[Image-caption web data]
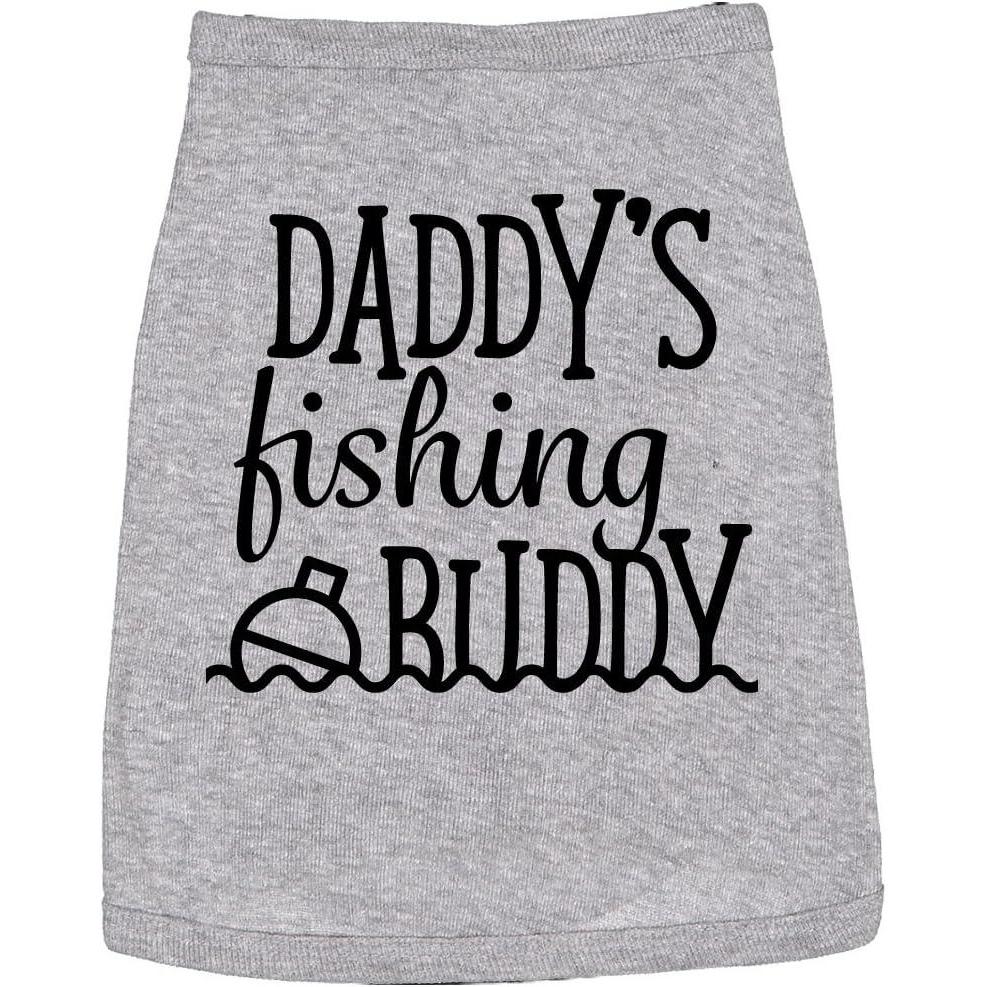 imageDaddys Fishing Buddy Dog Shirt  Funny Pets Costume Graphic Tee for Dogs  Soft Cotton TShirt Fit Small to XXL Clothes Gift for Pet Owners and Animal Lovers Grey MSmall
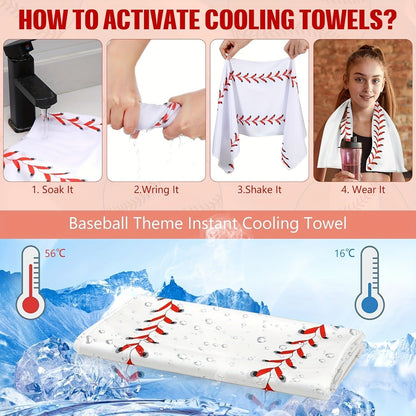 12 Pack Sport Cooling Towel Set 30"x9" Microfiber Chilly Sweat Rags for Baseball Softball Soccer Golf Gym Running Coach Team Gift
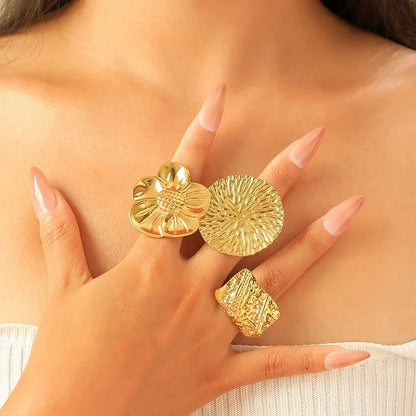 Casual Elegant Commute Geometric Flower 304 Stainless Steel 14K Gold Plated Plating Stainless Steel Rings
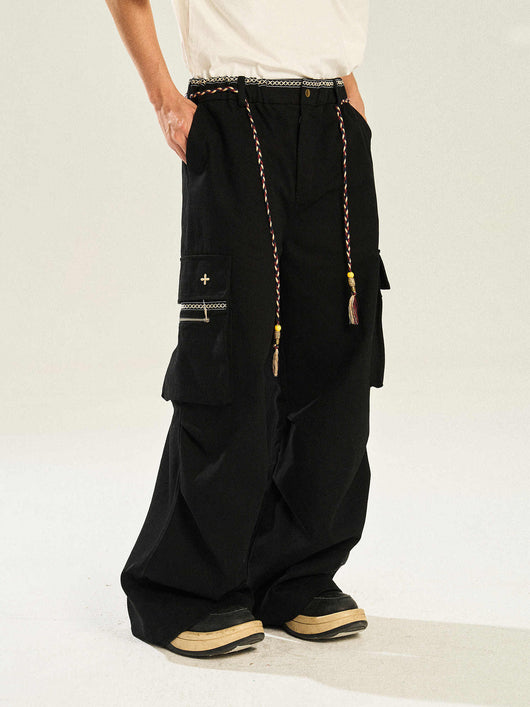 Pantalón de Trabajo Cintura con Lazo Pierna Recta Ancha - Image 11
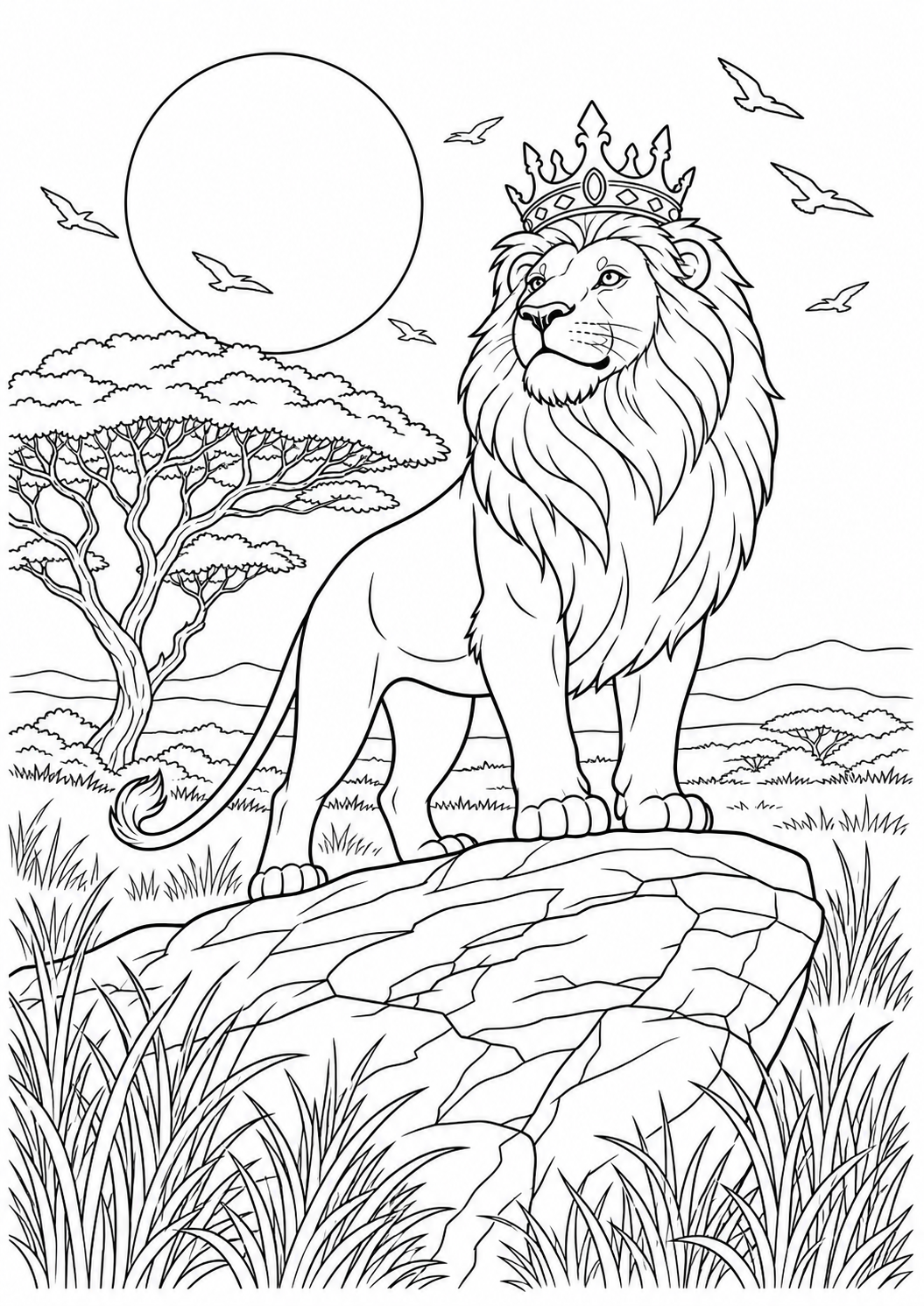 Lion King in the Acacia Savanna — free lion coloring page, printable black and white line art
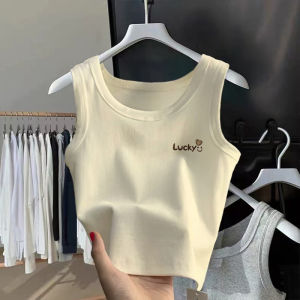 Áo Ba Lỗ Cotton Nguyên Chất Mùa Hè 2025 Áo Ba Lỗ Không Tay Ngắn Cho Nữ Áo Khoác Ngoài Áo Ba Lỗ Tay Ngắn Áo Ba Lỗ in Chữ Mỹ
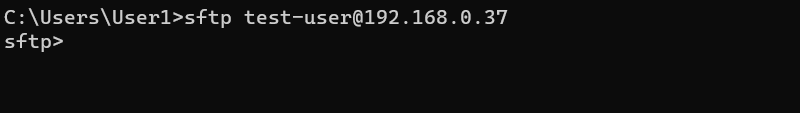 sftp test-user@192.168.0.37 command prompt output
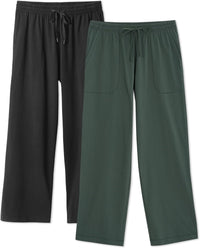 DAVID ARCHY Men's Pajama Pants Cotton Comfy Sleep Bottoms, Lightweight Lounge Pants with Pockets Soft Sleepwear PJs, 2 Pack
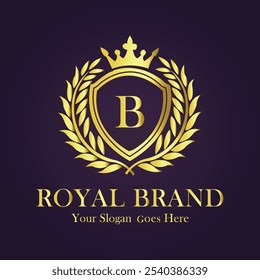Letter B golden crown logo vector design illustration.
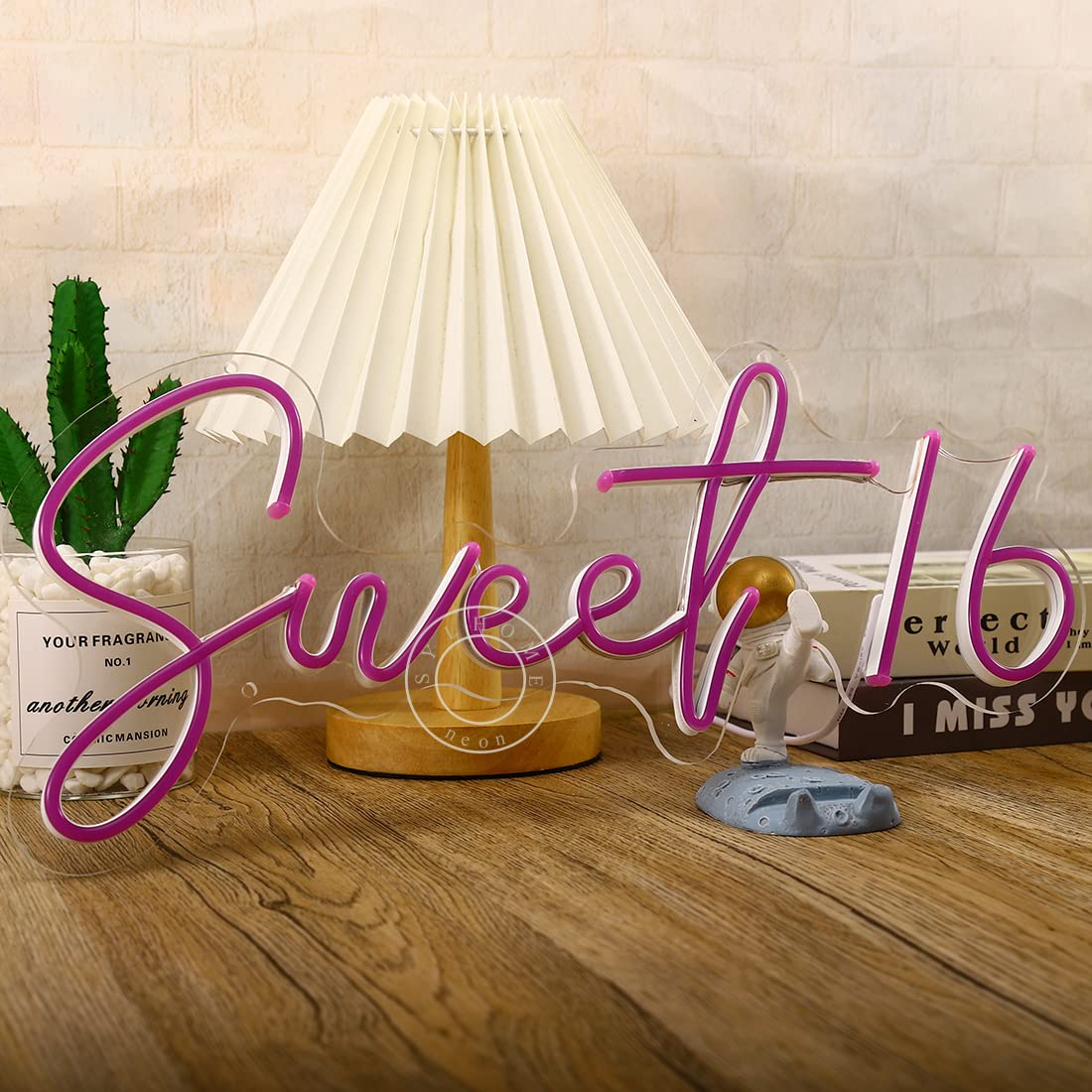 SYLHOME Sweet 16 LED Neon Light Sign 17"X7.3" 5V Sweet Girls Adults Bedroom Happy 16th Birthday Party Wall Decor Beautiful Bestie Sister Pretty Girls USB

Task goal: Using the data above, retype exactly and only the lines from the one containing "Casual Elegant Commute" up to and including the one containing "Lion King in", with no pictures carried over.

Your response:
 Casual Elegant Commute Geometric Flower 304 Stainless Steel 14K Gold Plated Plating Stainless Steel Rings
 Pantalón de Trabajo Cintura con Lazo Pierna Recta Ancha - Image 11
 Lion King in the Acacia Savanna — free lion coloring page, printable black and white line art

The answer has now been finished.